Map of the Battle of Aberdeen, 1644
Map of the Battle of Aberdeen, 1644

Battle of Aberdeen (1644)

battlescivil-waraberdeenscotland17th-century
4 min read

The drummer was killed on his way back. Montrose had sent him forward under a flag of truce to demand Aberdeen's surrender, and one of the Aberdeen magistrates had even given the boy a coin worth six pounds Scots. But as the party returned to Royalist lines, a trooper from the Fife regiment opened fire, killing the drummer. According to the accounts that survived, the Marquess of Montrose was so enraged that he ordered an immediate assault and gave his soldiers permission to sack the town. What followed on 13 September 1644 was a military victory that destroyed its own purpose.

A Depleted Army Arrives

Montrose had already won one battle that month, defeating government forces at Tippermuir outside Perth, but he could not hold his gains.
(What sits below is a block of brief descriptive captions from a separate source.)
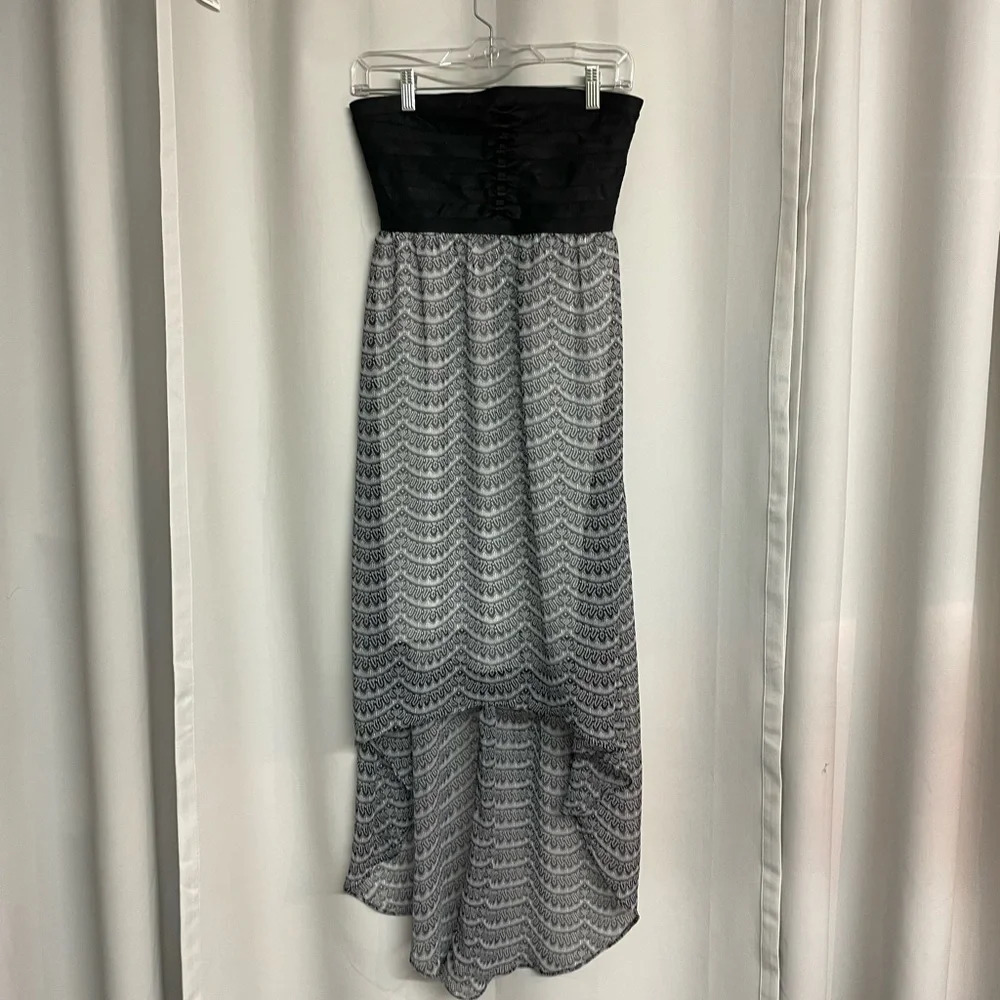 Wow couture black and white size small
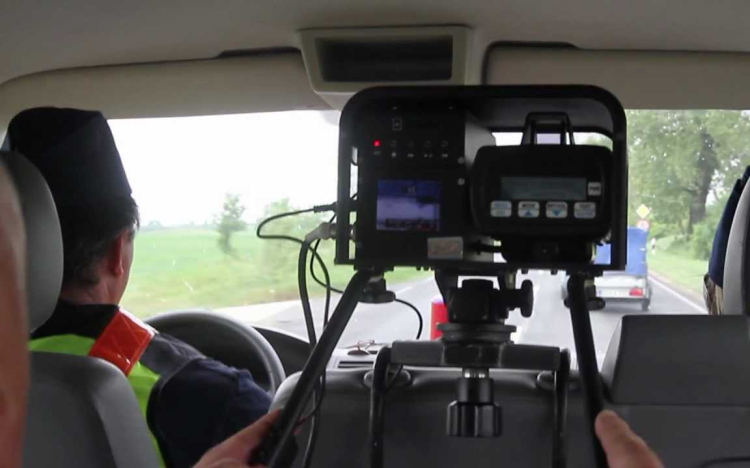 Mai sebességmérések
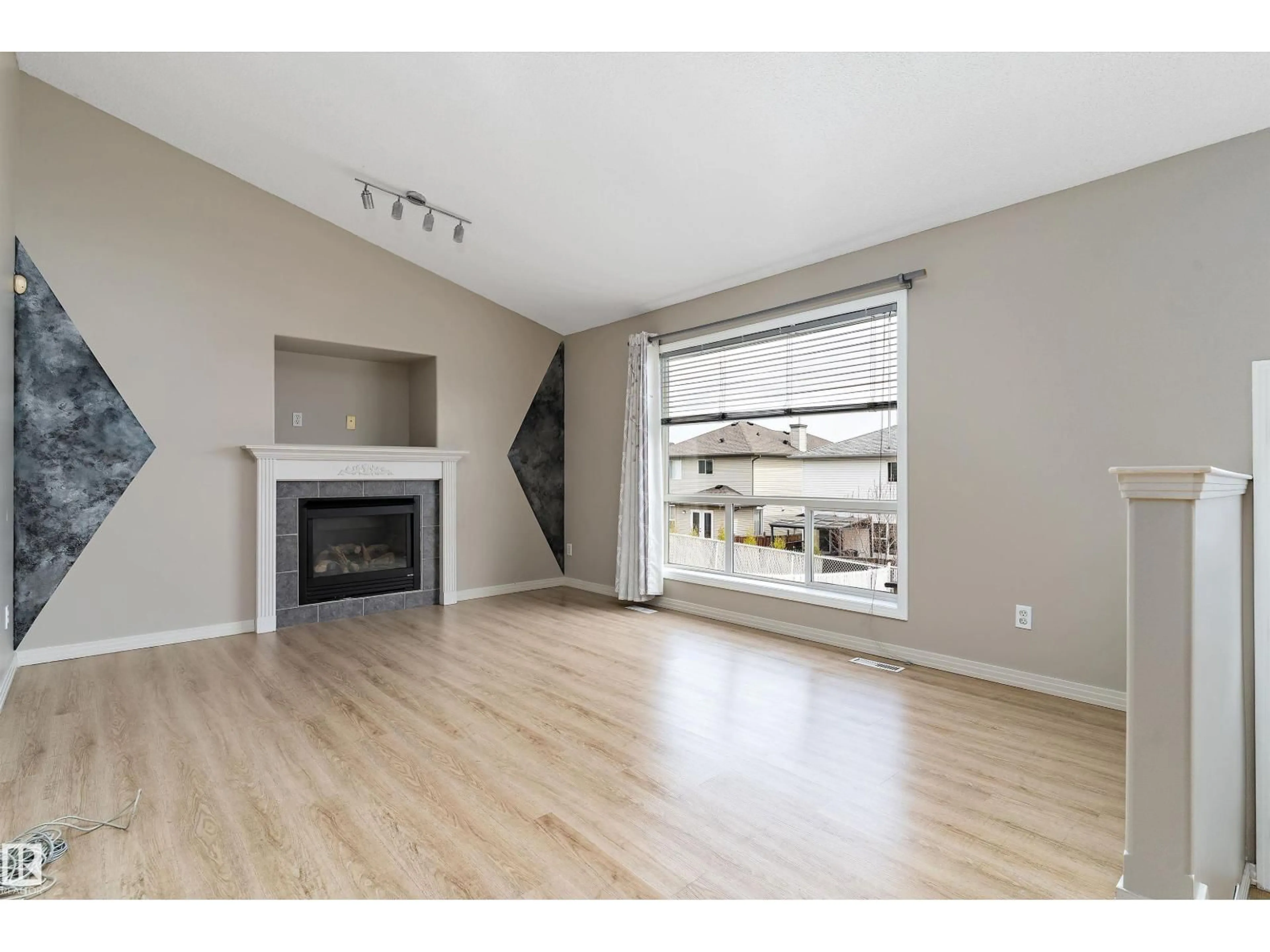 A pic of a room for 15109 MILLER BV, Edmonton Alberta T5Y3A1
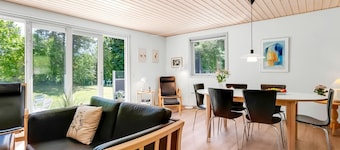 "Flor" - 900m from the sea by Interhome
Highland troops melted away with their plunder, and a stronger force under the Marquess of Argyll was closing from the west. Montrose moved north with roughly 1,500 Irish infantry under Alasdair Mac Colla, a handful of Keppoch clansmen, and about 80 horsemen, hoping to recruit among the Marquess of Huntly's tenants in Aberdeenshire. Instead, he found another Covenanter army blocking his path. The government had ordered militia from the Mearns, Aberdeenshire, and Banffshire to assemble at Aberdeen by 10 September, but only local contingents had arrived -- some 2,000 infantry and 300 cavalry under Lord Balfour of Burleigh.

Two Hours on the Ridge

Burleigh's Covenanters took a strong defensive position on a steep ridge above the How Burn valley, southwest of the town. Montrose arranged his outnumbered force in an extended line. The battle opened with a Covenanter cannonade, and the fighting quickly became a series of tactical gambits. On the Royalist left, Captain Mortimer's Irish musketeers repulsed a cavalry charge with a devastating volley. When Craigevar's horsemen rode downhill against O'Cahan's regiment, the Irish simply parted ranks, fired into the cavalry's backs, and let Gordon's horse finish the rout. The decisive moment came when Laghtnan's Irish regiment charged uphill near the ancient Crabstane of Aberdeen. The Aberdeen Militia broke and fled into the town, triggering a general collapse. Government casualties reached roughly 520; Royalist losses were thought to be light. The whole affair lasted about two hours.

The Sack That Changed Everything

What followed the battle was worse than the battle itself. Royalist troops pursued fleeing soldiers into Aberdeen and turned on the civilian population. The chronicler John Spalding, who witnessed the events, recorded days of looting and violence. Women were assaulted. At least 118 people were killed according to Spalding's count -- possibly as many as 160 by the reckoning of Alexander Jaffray, another eyewitness -- including three town councillors and many ordinary tradesmen and residents. Desperate Aberdonians began wearing twists of oats in their bonnets, the Royalist badge, hoping to pass as allies. It made little difference. Spalding noted bitterly that the disguise offered scant protection.

Victory That Poisoned Its Own Cause

The tragedy was compounded by irony. Aberdeen had been broadly sympathetic to the Royalist cause before Montrose arrived. After three days of occupation and abuse, that sympathy was destroyed. Montrose left for the Highlands to recruit and avoid the approaching Argyll, but he would find no volunteers in Aberdeenshire. The sack of Aberdeen became one of the defining atrocities of Scotland's civil war, remembered in contemporary accounts, novels, and local memory. Today, the battlefield site lies beneath the parkland of Bon Accord Terrace Gardens. The ridge where Burleigh's men made their stand is now a gentle slope of grass. Justice Mill Lane, where the surrender ultimatum was delivered and rejected, is a modern street. The violence of September 1644 left no visible scars on the landscape -- only on the historical record.

From the Air

The battlefield was located southwest of Aberdeen's city centre, in the area now occupied by Bon Accord Terrace Gardens and Justice Mill Lane (57.14N, 2.11W). The site is entirely urbanised and not distinguishable from the air. Nearest airport: Aberdeen (EGPD), approximately 5 miles northwest.